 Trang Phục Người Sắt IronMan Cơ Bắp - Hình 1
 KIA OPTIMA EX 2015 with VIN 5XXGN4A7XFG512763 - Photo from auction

---

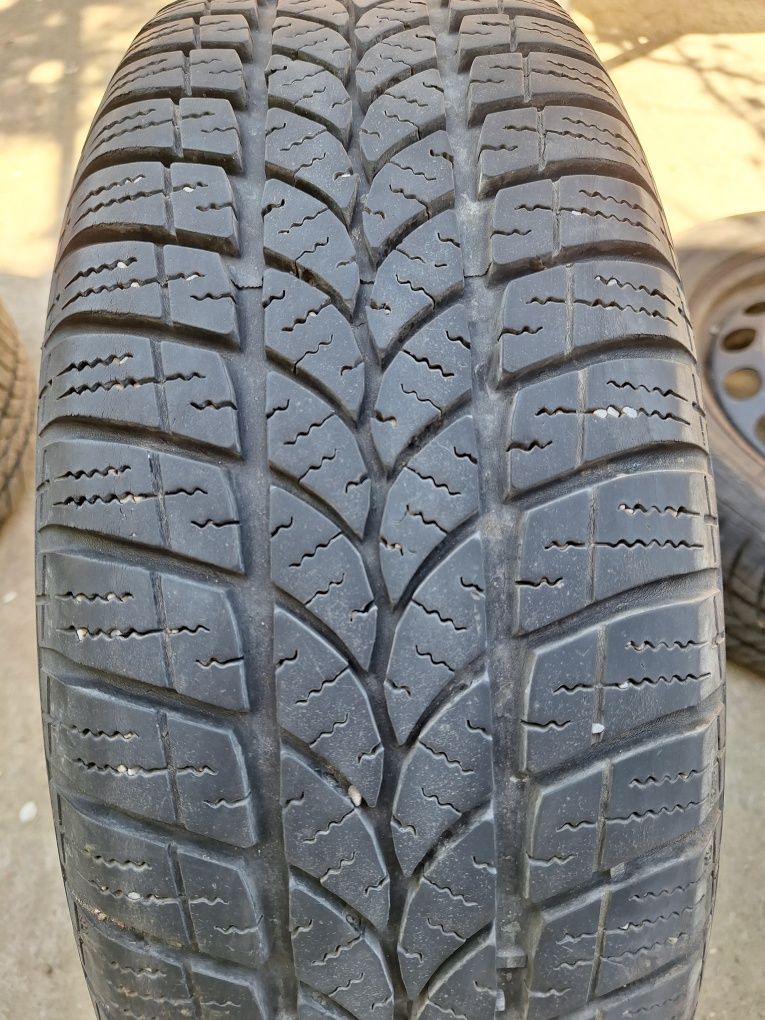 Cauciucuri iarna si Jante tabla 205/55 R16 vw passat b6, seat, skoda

What is expected:
In the listing above, locate the line containing "Trang Phục Người Sắt IronMan Cơ Bắp - Hình 1" and the line containing "KIA OPTIMA EX". Transcribe those two lines and everything between them, exactly as written.

Task response:
 Trang Phục Người Sắt IronMan Cơ Bắp - Hình 1
 KIA OPTIMA EX 2015 with VIN 5XXGN4A7XFG512763 - Photo from auction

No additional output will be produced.